Google Scholar Metrics
Evaluates journals based on analysis of the last five years of articles. Excludes journals with less than 100 articles during the five-year period, as well as journals with no citations.
An attempt at a more sophisticated measure of journal impact than a simple ranking metric. Explores two new measures called Source Normalized Impact per Paper (SNIP) and SCImago Journal Rank (SJR).
A journal ranking service covering the natural and social sciences.
Journal Quality List from Harzing.com
Ranking of journals in the areas of economics, finance, accounting, management, and marketing.
As you prepare materials to support an application for promotion or tenure, you may want to determine which articles have cited work that you have written, and where those articles have been published. This function is called citation indexing, and it exists in several resources available to Goucher faculty.
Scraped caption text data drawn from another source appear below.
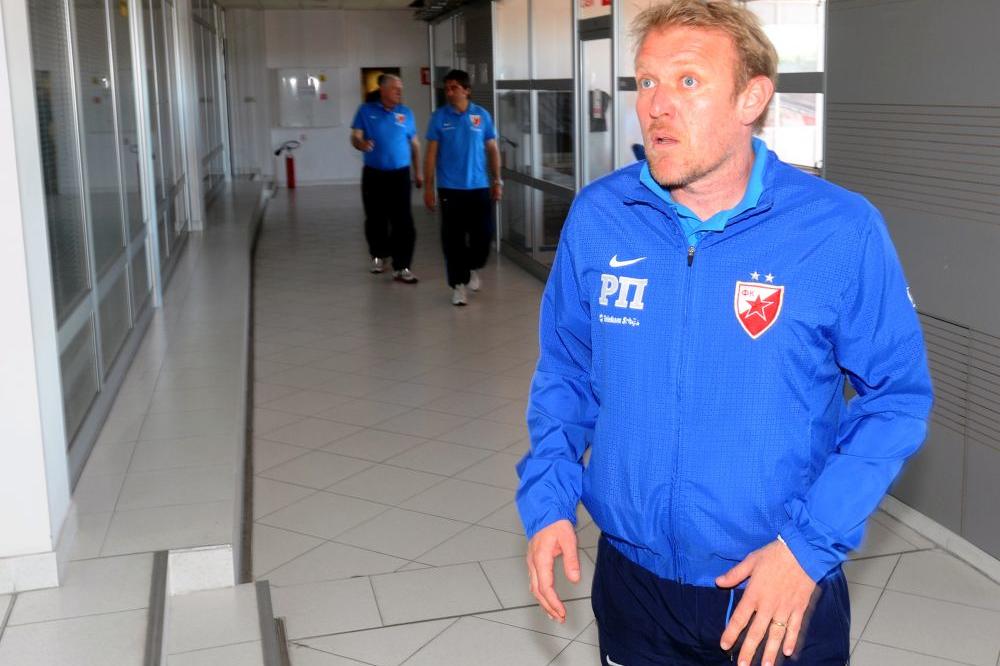 Robi Prosinečki raspalio maštu Delija: Ko zna, možda se vratim u Zvezdu! Navijače molim samo jedno...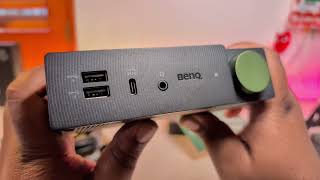Ben Q beCreatus DP1310 USB-C Hybrid Dock | 2 Weeks Later Review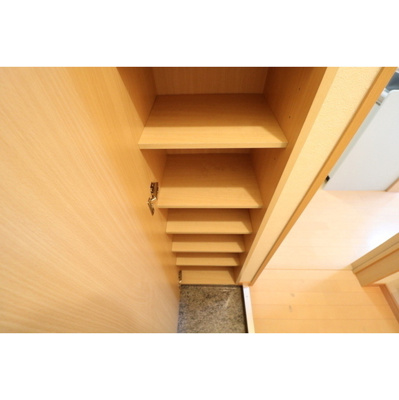 【収納】 | ニューアムールクラニア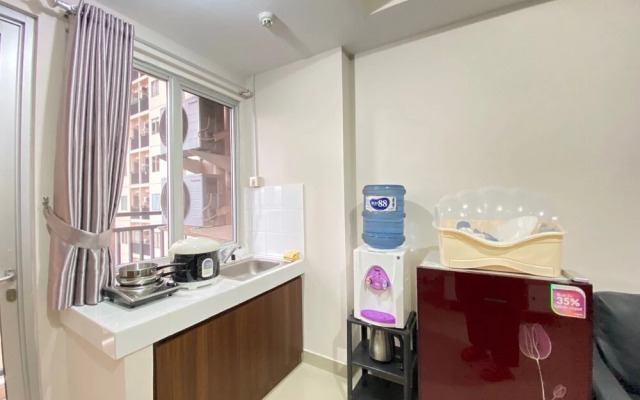 Cozy Spacious 2Br Plus At Sudirman Suites Bandung Apartment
Google Scholar: One of the most useful citation indexing tool available to us. With Google Scholar, you can not only keep track of who is citing your publications, you can graph citations over time, compute other citation metrics, and (the ultimate ego boost) you can make your profile public, so that anyone who searches under your name will see it. Click here for information on citation indexing in Google Scholar
JSTOR: JSTOR also makes citation indexing available, through a link to Google Scholar. While viewing an article in JSTOR, look for the link called "Items Citing this Item" under the heading "Google Scholar."
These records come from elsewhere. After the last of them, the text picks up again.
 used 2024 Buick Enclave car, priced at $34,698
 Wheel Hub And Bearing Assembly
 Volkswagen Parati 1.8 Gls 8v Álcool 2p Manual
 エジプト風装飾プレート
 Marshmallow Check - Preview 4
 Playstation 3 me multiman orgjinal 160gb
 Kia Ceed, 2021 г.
ScienceDirect: While viewing an article in ScienceDirect, look for the box headed "Cited by." Click on the "View details ..." link at the bottom of the box for a complete list of citing articles. Alternatively, you may enter your (or any author's) name in the search box, then select "References" from the drop-down menu to the right of the search box. This will yield all articles citing any work by that author. Note, however, that you may have to narrow the search using other terms to avoid retrieving articles citing other authors with the same name.
Ebsco Databases: Some (not all) of the Ebsco databases provide limited citation indexing. They are Academic Search Premier, Business Search Premier, SocINDEX with Full Text, and PsycINFO. Look for the link that says "Times Cited in this Database." If available, it will appear after the entry for the article on the results screen, and also on the detailed information screen for the article. Note that clicking this link will only yield citing articles that are available in the same database, and that the link is only reliably available for articles published from the early 2000s on. (The database editors are working on adding this feature for articles from previous years.)
MathSciNet:From the main search screen, select the "Citations" tab. From the resulting screen, select the "Authors" tab. This will allow you to search for all the articles citing your (or any other author's) work. The result screen will initially show the ten most cited works. Clicking "See All" at the bottom of the screen will show everything. Click "Understanding the MR Citation Database" at the bottom of the results screen for limitations of coverage.
PubMed: While viewing the information for an article in PubMed, look for a box on the right of the screen labeled "Cited by [number] PubMed Central articles." The links in this box will take you to information for those citing articles.